A Good Map to Keeping Young
By Patrick M. Kennedy
You know, you’ve probably done it before, when you are about to take a vacation trip from work, you pull out a map and visually scout the area and the route you are about to take; especially if you are doing the driving. It’s probably a long way and you want to make it as easy and close to perfect as possible so you can have a good time. You might even call ahead and make room reservations so you will be comfortable at the end of each driving day. Or, you may circle the fun spots, roadside attractions and scenic routes along the trip, to make the vacation more enjoyable. You even make sure the car is greased, tuned and aired so there will be no undesirable snags along the way. It’s a well laid out plan and you are well prepared to have a good time.

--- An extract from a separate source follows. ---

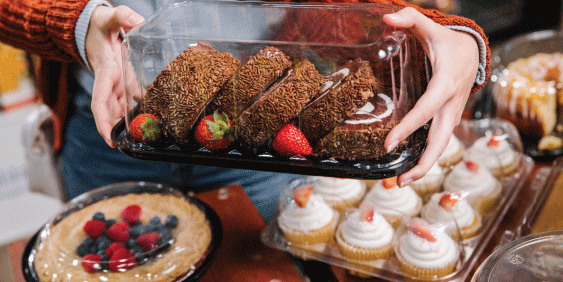 woman picking up baked goods in grocery store bakery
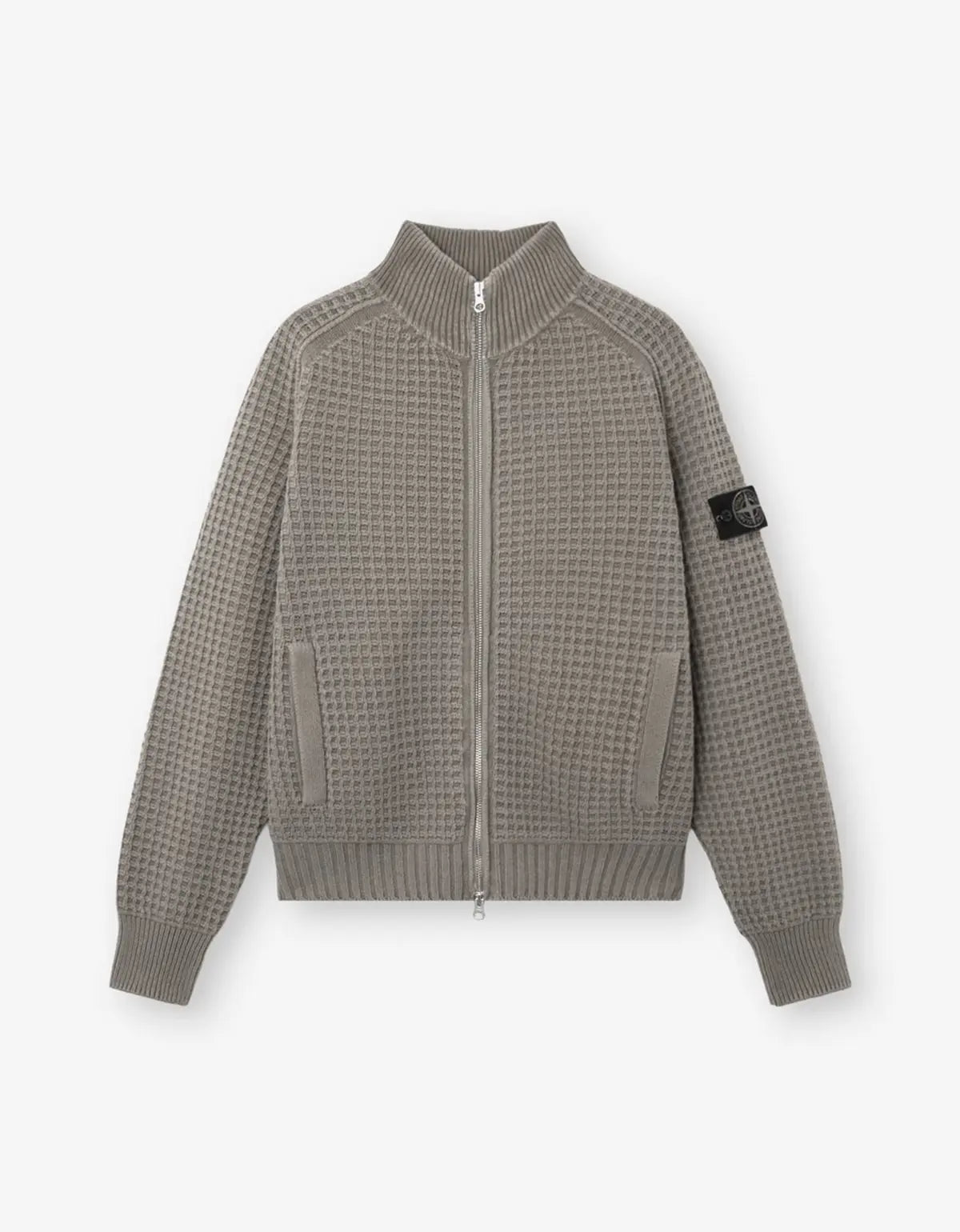 A waffle-knit zip-up jacket in a taupe-gray color, featuring a ribbed collar, cuffs, and hem, with a black Stone Island compass patch on the left sleeve, displayed against a light gray background.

Now, you are about the make another long trip that will last the rest of your life. It is called retirement. Do you have a plan, a map, to guide you through this arduous and complicated journey? Oh you can just wing it and fly thorough by the seat of your pants, but it would probably be much more relaxing and easy going if you followed that motto of the Boy Scouts, ‘Be Prepared’. But don’t follow the advice of Will Rogers, “Half our life is spent trying to find something to do with the time we have rushed through life trying to save.” That sounds like a waste of good time.
Now, how to map out this journey is a good question. For sure there isn’t an AAA that gives out maps for this jaunt. Lists are great! How about dragging out that woulda-coulda-shoulda list you made while you were a working bee. I wish I would have gone there; I wish I had done this; I should have kept up my art hobby; if only I had the time to … do anything I liked. “You are only young once, but you can stay immature indefinitely,” said Ogden Nash, and that is a good start and attitude when developing this map. You are as young as you think you are. And remember, some people are in retirement almost as long as they were working.
A pencil and yellow pad would be great here. You start writing down anything that comes to your mind about this subject. Writers call it a ‘Stream of Consciousness’ that is, the continuous flow of sense perceptions, thoughts, feelings, and memories in your mind that just pop up as the pencil flows across the paper. Believe it, this works, and one thought will lead to another and to another; and then it becomes a list of thing to do and that line is now being drawn across your retirement map and you can start adding the fun spots you want to hit along the way. Of course there are restrictions; finances, health, ‘how can I work my lounge chair into this plan’, and family ties; but no time restrictions.
“Retirement is the ugliest word in the language”, said Ernest Hemingway, and he is right if you think of it as doing nothing instead of doing something with it. The challenge of retirement is how to spend time and not waste it. This doesn’t have to be a dream project, but a real plan of action. Just remember what the poet Anne Sexton said, “In a dream you are never eighty.” A good map keeps you young.